LOCATION — Tulsa, Oklahoma

STYLE — Mediterranean and Spanish revival

INTERIOR — 6,200 square feet

BUILT — Completed 2002

BEST-LOVED ROOMS — Kitchen, club room, and outdoor fireplace area

HER FAVORITE PASTTIMES — Cooking and sewing

HIS FAVORITE PASTTIMES — Hunting, fishing, and golfing

HOUSEBUILDING TIP — "Find a builder you love. Look at things he's done, talk to the people he's built for. Speak with them and see if they're still friends."
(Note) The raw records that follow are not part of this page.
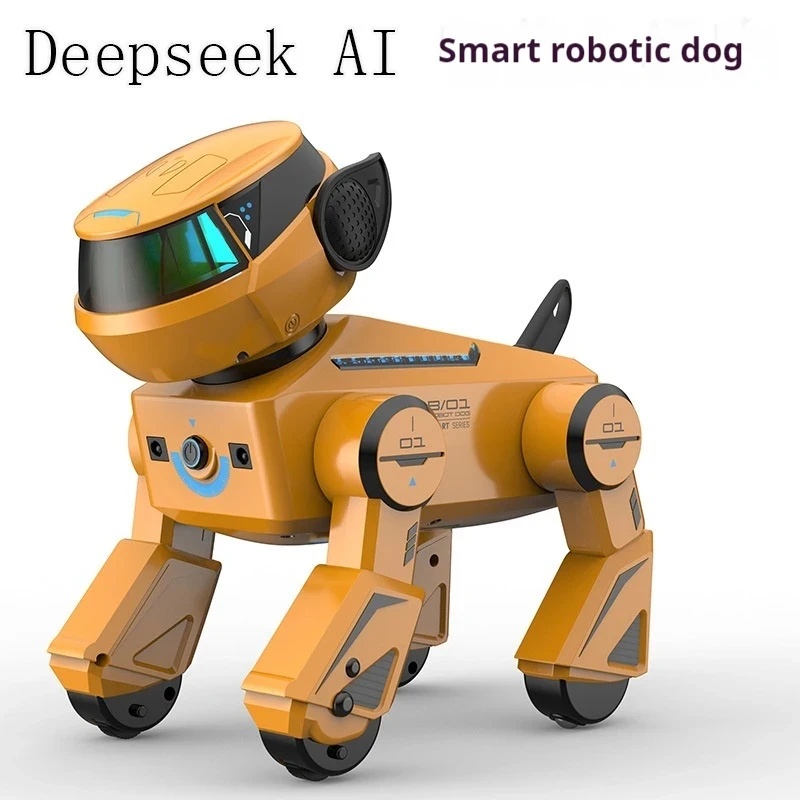 Cane Robot Intelligente AI con - Photography Lighting Indoor recensione e prezzo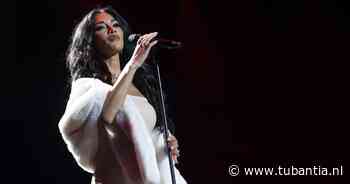 Pussycat Doll Nicole Scherzinger met brandwond op podium in Ziggo Dome: ‘Show must go on’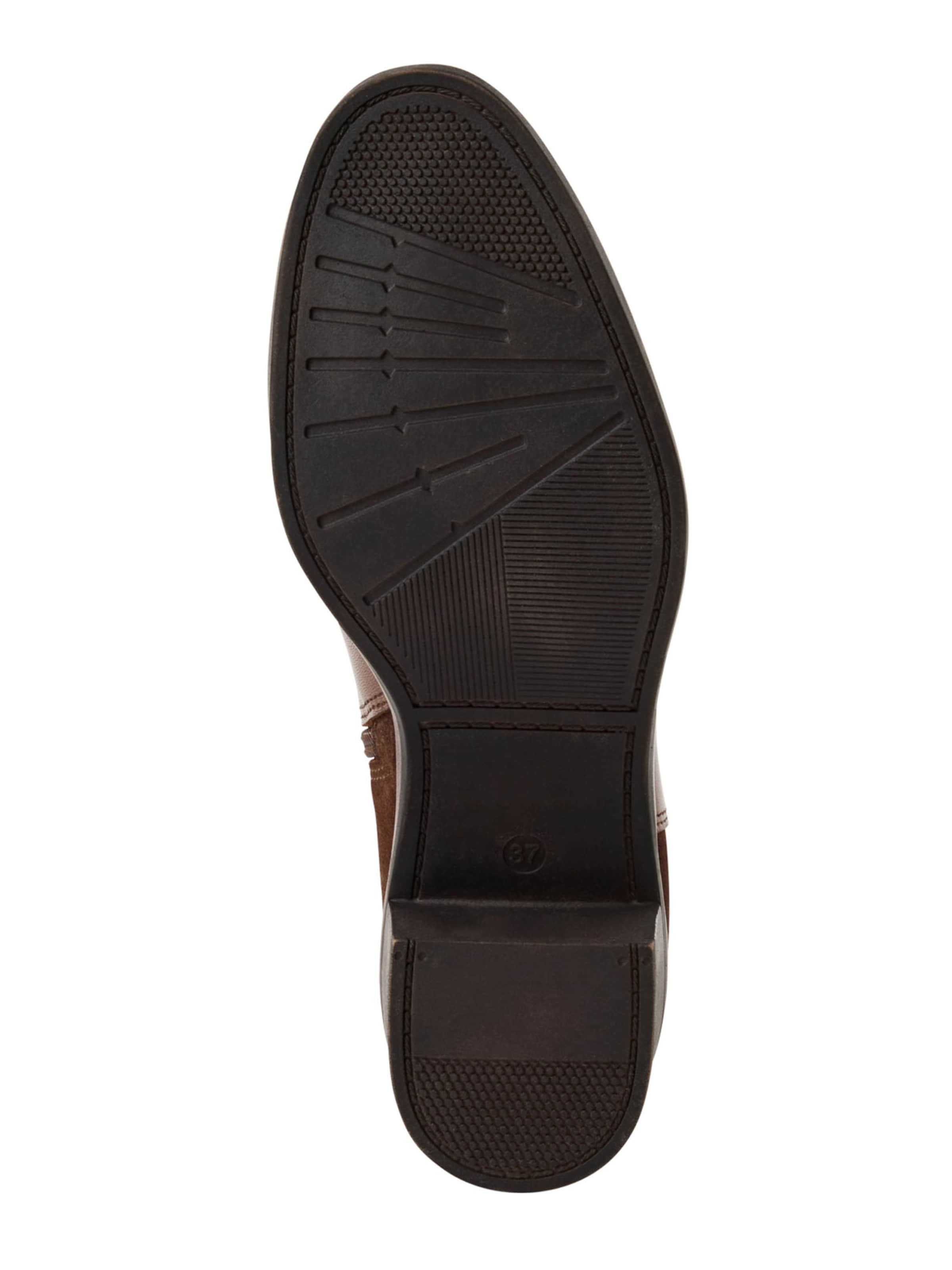 MARCO TOZZIČizmice - smeđa boja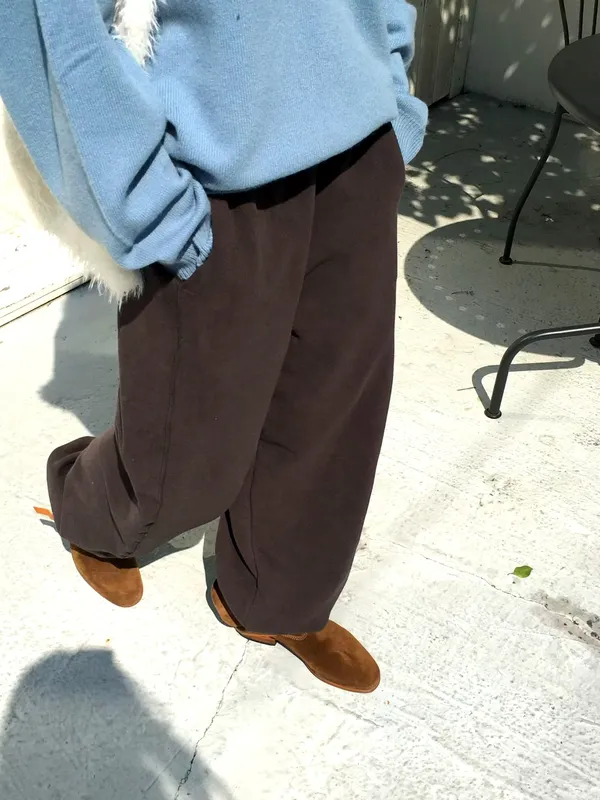 Trendy Loose Women's Pants for a Comfortable Casual Look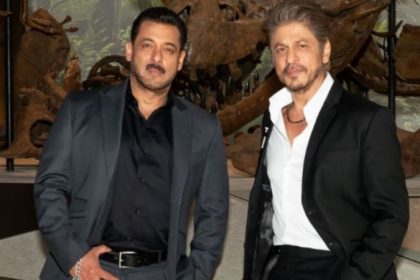 Salman Khan Sharukh Khan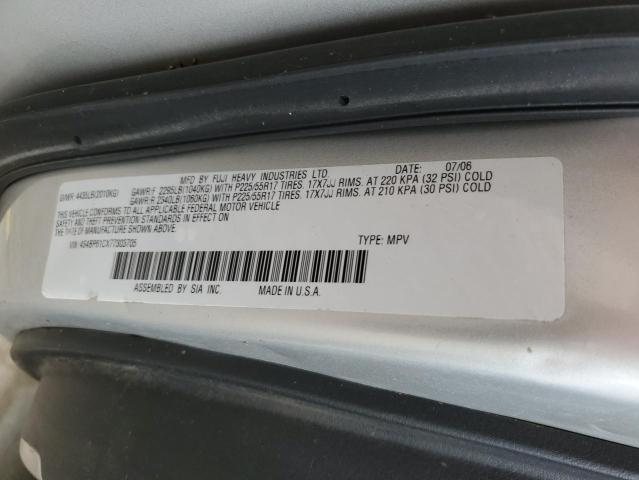 Photo 13 VIN: 4S4BP61CX77303705 - SUBARU OUTBACK 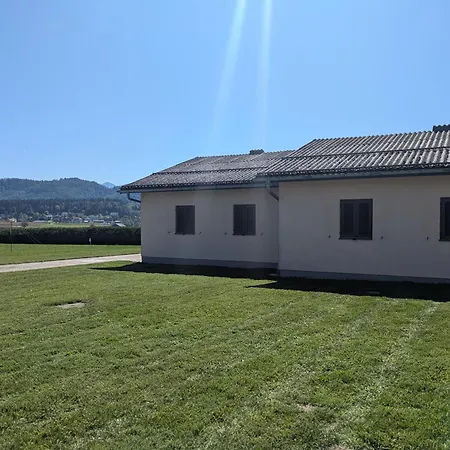 Bergpanorama Semesterbostad *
WHY FRONTGATE? — "I'm a longtime customer. Frontgate has the scale of items a larger home requires, and I love their textiles." — Sandie Pitman

Dining Room


Michael Dankbar (918-298-2299)

Phil Long, Inc. (918-747-9934)

Steve Williams (918-583-7772)

Tulsa, Oklahoma — If Donne and Sandie Pitman had one overriding priority in building their new home, it was this: to create a sense of warmth and comfort. "I want comfort over design," Sandie told both their architect and decorator. "A lot of homes you see in magazines look beautiful, but they're not comfortable and inviting. I wanted every room to feel like it would be comfortable to sit and lounge in."

Her ultimate goal was to make people feel at ease, both physically and psychologically. "That was my whole purpose in decorating the house. I didn't want anyone to feel 'I better not touch this or put my feet up on that.'" Sandie says her friends were somewhat skeptical. As they watched the house take shape, "they'd see all this stone on the floor, all this massive sheetrock on the walls, and say, 'I don't know how you're going to warm this up.'"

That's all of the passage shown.